Records supplied START

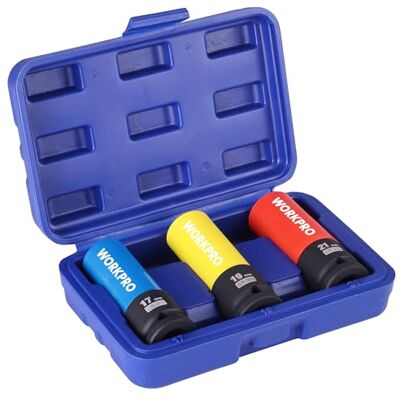 WORKPRO Jeu de 3 Douilles à Choc 1/2", Douilles à Impact en CR-MO 17 mm, 19 mm, 21 mm, avec Boîte de Rangement, pour Protection de Jante Aluminium de Voiture WORKPRO Jeu de 3 Douilles à Choc 1/2", Douilles à Impact en CR-MO 17 mm, 19 mm, 21 mm, avec Boîte de Rangement, pour Protection de Jante Aluminium de Voiture
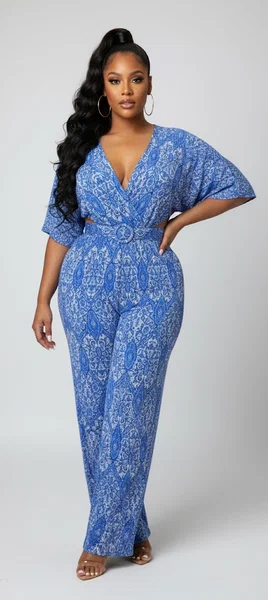 Combinaison Bleu Bohème Élégante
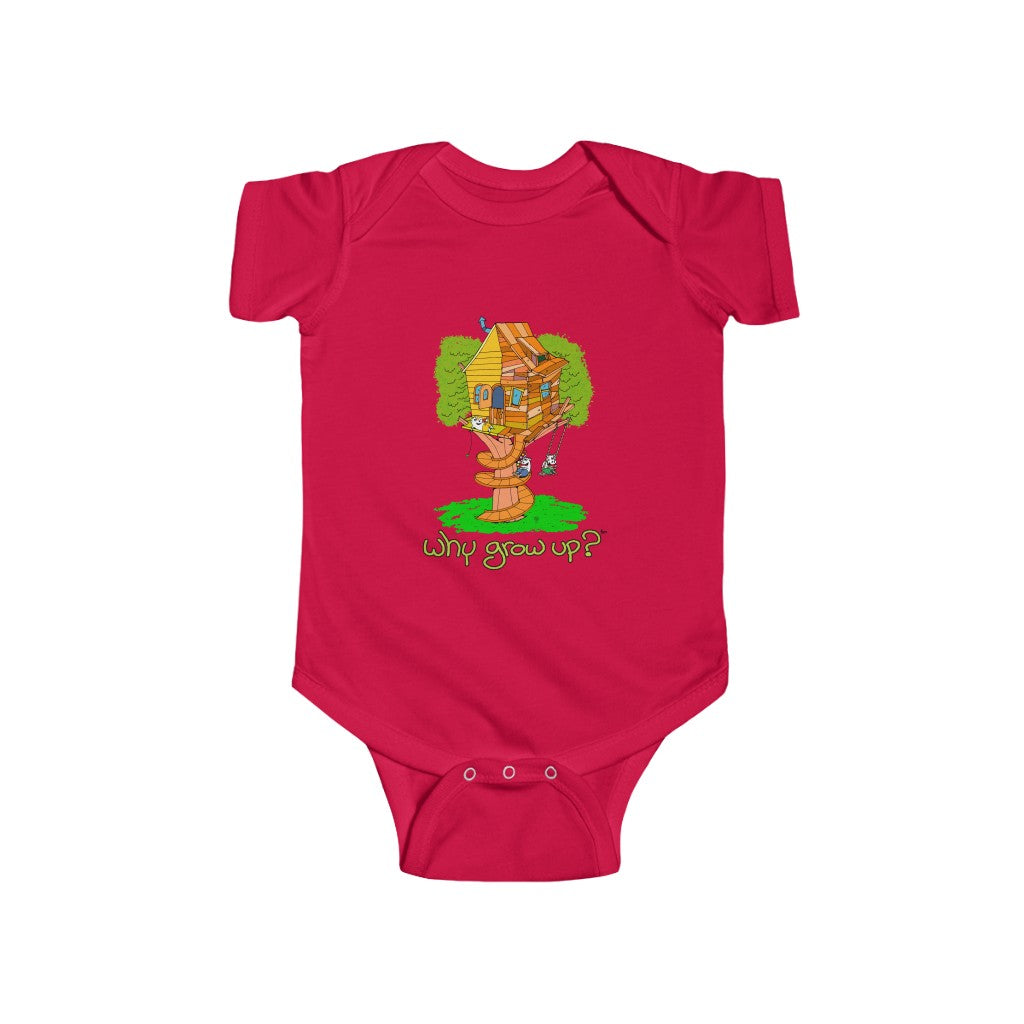 Rubes Cartoons Why Grow Up Treehouse 100% Cotton Infant Baby Bodysuit, Printed in the USA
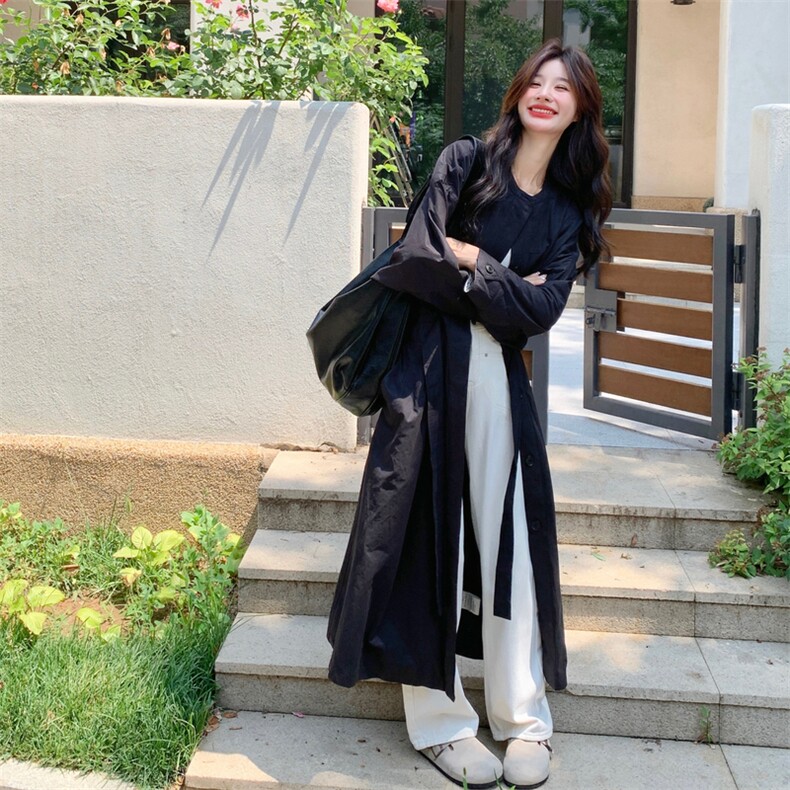 高级感撞色拼接黑色长款风衣外套女春秋2025新款收腰显瘦大衣流行,女装风衣,2C016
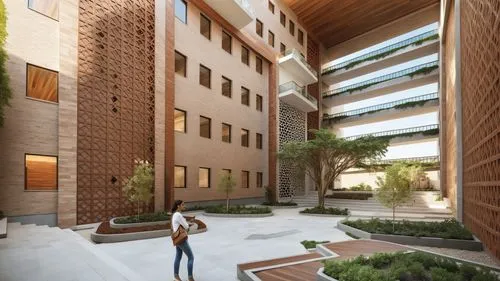 Create the exterior façade of a modern university building with a strong emphasis on brick jali work. The design should integrate a balance of tradition and contemporary architecture, with intricate b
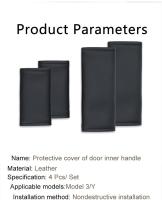 4PCS Cubierta Protectora De Manija Interior De Puerta Para Tesla Model 3/Y En Cuero PU Accesorios De Auto Para Estilo Interior - details 7
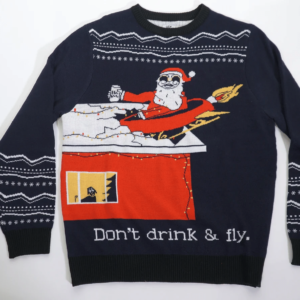 Don't Drink & Fly Santa Ugly Christmas Sweater AOP Sweater Navy S
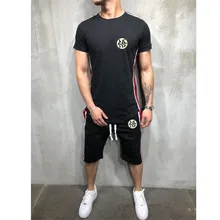 New Men's Sets T Shirts+pants men Brand clothing Two piece suit tracksuit Fashion Casual Tshirts Gyms Workout Fitness Sets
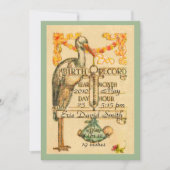 2緑のヴィンテージのスタイルの誕生の発表は味方しました 案内状 (正面)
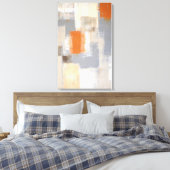 "So einzigartig" Abstrakte Kunst in Orange und Bei Leinwanddruck (Insitu (Schlafzimmer))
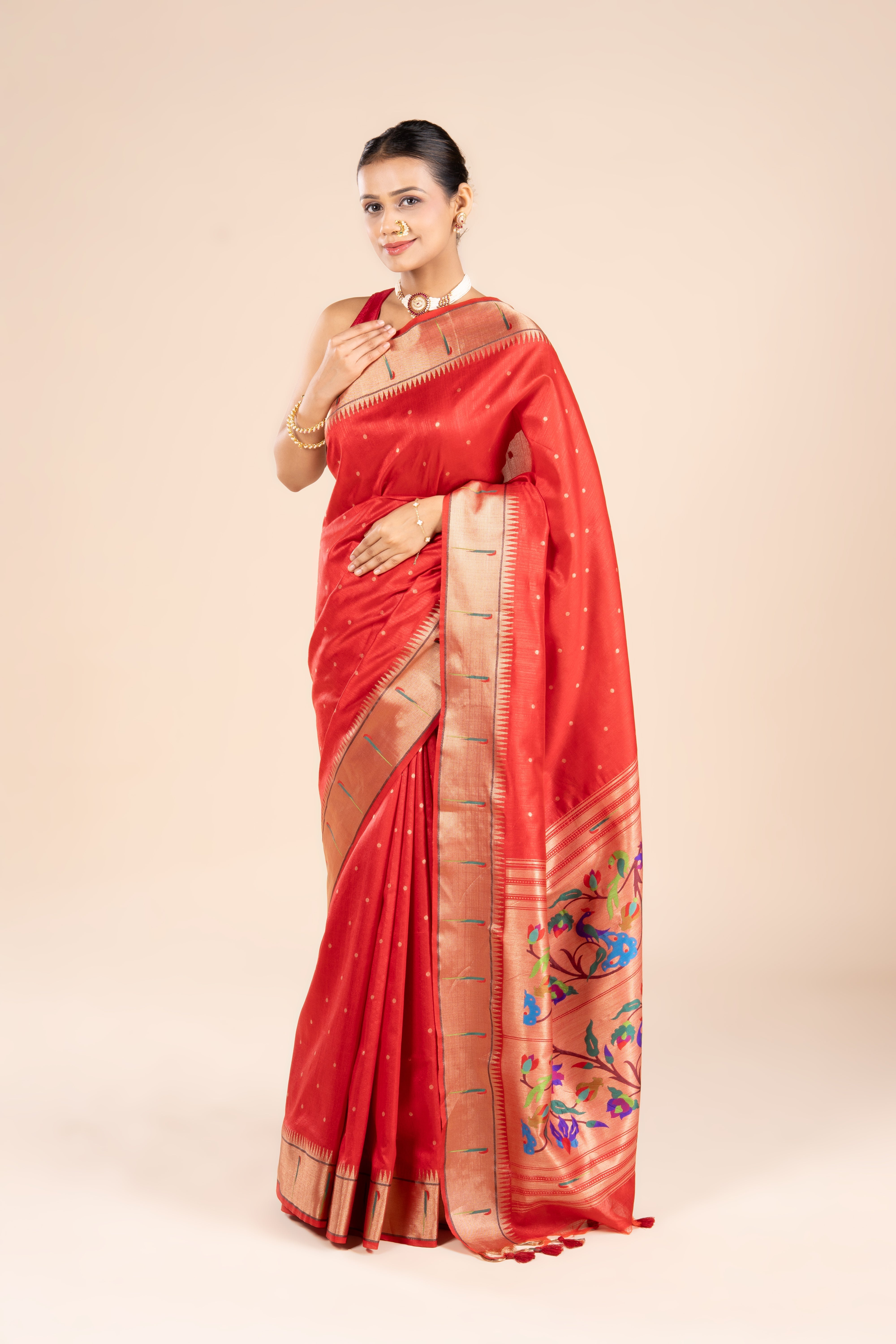 Red Tussar Silk Paithani Saree with Munya Border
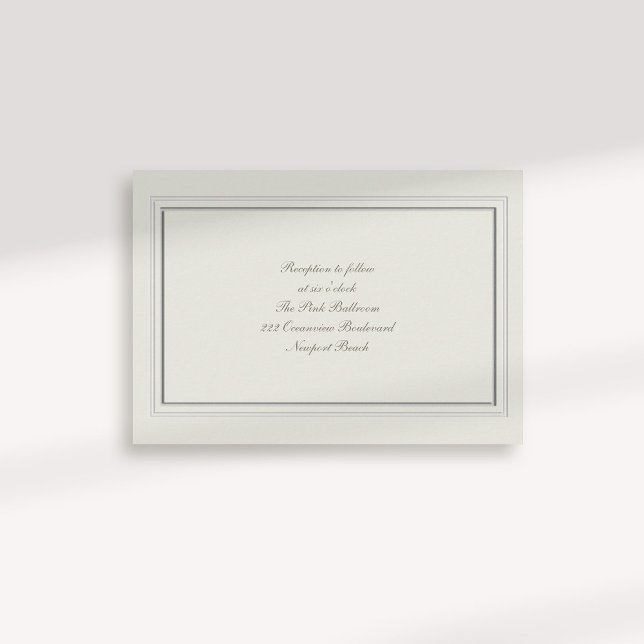 Cartão De Informações Casamento De Recepção De Frame Ecru De Frame Forma (formal traditional elegant calligraphy wedding reception card faux embossed frame ecru classic)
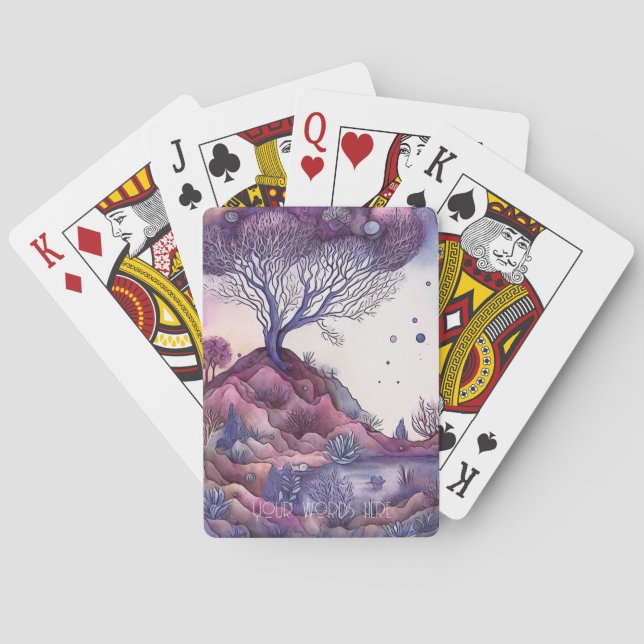 Baralho Crie sua própria paisagem de fantasia roxa (Verso)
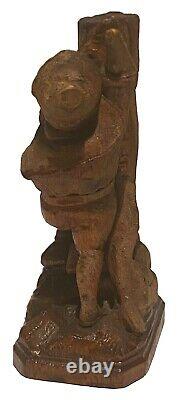 Antique Vintage Folk Art Primitive Carved Wood Elf Gnome Figure Sculpture Study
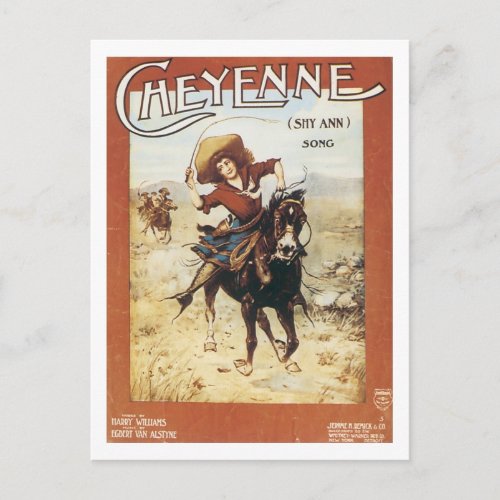 Cheyenne Vintage Songbook Cover Postcard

Records supplied END

__What the task requires__. Transcribe the entries above exactly, from their first line through the line with "Red Tussar Silk", and omit all pictures.

__Answer space__.
 WORKPRO Jeu de 3 Douilles à Choc 1/2", Douilles à Impact en CR-MO 17 mm, 19 mm, 21 mm, avec Boîte de Rangement, pour Protection de Jante Aluminium de Voiture WORKPRO Jeu de 3 Douilles à Choc 1/2", Douilles à Impact en CR-MO 17 mm, 19 mm, 21 mm, avec Boîte de Rangement, pour Protection de Jante Aluminium de Voiture
 Combinaison Bleu Bohème Élégante
 Rubes Cartoons Why Grow Up Treehouse 100% Cotton Infant Baby Bodysuit, Printed in the USA
 高级感撞色拼接黑色长款风衣外套女春秋2025新款收腰显瘦大衣流行,女装风衣,2C016
 Create the exterior façade of a modern university building with a strong emphasis on brick jali work. The design should integrate a balance of tradition and contemporary architecture, with intricate b
 4PCS Cubierta Protectora De Manija Interior De Puerta Para Tesla Model 3/Y En Cuero PU Accesorios De Auto Para Estilo Interior - details 7
 Don't Drink & Fly Santa Ugly Christmas Sweater AOP Sweater Navy S
 New Men's Sets T Shirts+pants men Brand clothing Two piece suit tracksuit Fashion Casual Tshirts Gyms Workout Fitness Sets
 2緑のヴィンテージのスタイルの誕生の発表は味方しました 案内状 (正面)
 "So einzigartig" Abstrakte Kunst in Orange und Bei Leinwanddruck (Insitu (Schlafzimmer))
 Red Tussar Silk Paithani Saree with Munya Border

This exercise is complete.